Tips for structuring your teams
Teams allow you to share groups with specific subsets of your users (you can read more about teams and how to create them here). Here are some tips and three examples to help you structure your teams.
- Teams are designed to keep groups organized on accounts with a number of users. If your account only has a few users or you don't use groups, you probably don't need to worry about this feature!
- If your users are based in different locations, teams can help keep those locations separate while still allowing your company to collaborate on the same account.
- Teams will not override your user permissions settings. In order for all of the users in a team to see all of the contacts or companies in a group shared with that team, they'll need to have access to all of those records. Admins can adjust the permissions settings from the manage users page.
- Besides sharing with a team, groups can either be private (visible to a single user) or public (visible to all users). If you find yourself adding almost everyone to a team, ask yourself if those groups should actually be public.

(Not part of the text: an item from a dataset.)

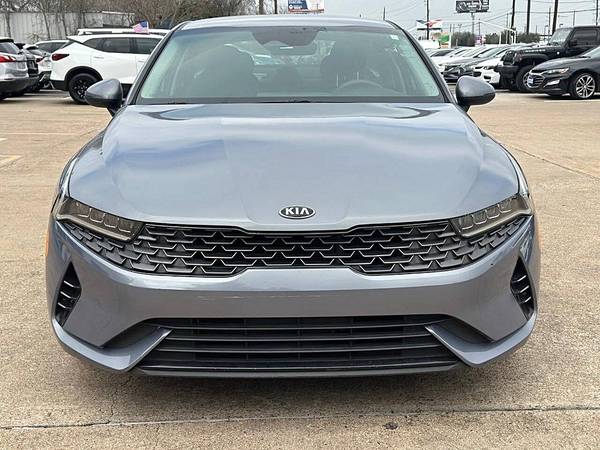 2021 Kia K5 LXS 4dr Sedan - $16,90063622483369859121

- Currently, teams are only relevant to group sharing, but we may expand the functionality of teams in the future.
Teams within your company
If you think about how your company is structured, you might find some obvious teams. You could create teams of your users based on their role at the company -- here at Less Annoying CRM, we have a team for our CRM Coaches and a team for our developers. Do you have some people in the office and some people in the field? Do some employees handle different geographic areas or certain kinds of clients? Creating teams will allow everyone to focus on the groups that matter to them and filter out the rest.
Completing a special project
Teams can also be helpful for keeping groups related to a specific project from cluttering your CRM. Imagine that your company is planning a special customer appreciation event in several months, and a couple of people are in charge of coordinating it. The planning process will involve several different groups of contacts -- customers to invite, VIPs, potential speakers, etc. Only the people in charge of planning the event will need to work with these groups. By putting those two into a team, they can create all the groups they need without them showing up for all of your users.
Delegating collaborative work
You can use teams to delegate collaborative work. Let's say that you have several salespeople and you just got a long list of new leads. Rather than assigning leads to each individual, you want your salespeople to pair up and reach out to sections of the list together. You could create those pairs as teams and create groups of the new leads to share with each team. Your teams could treat these groups like shared contact assignments and work through them collaboratively.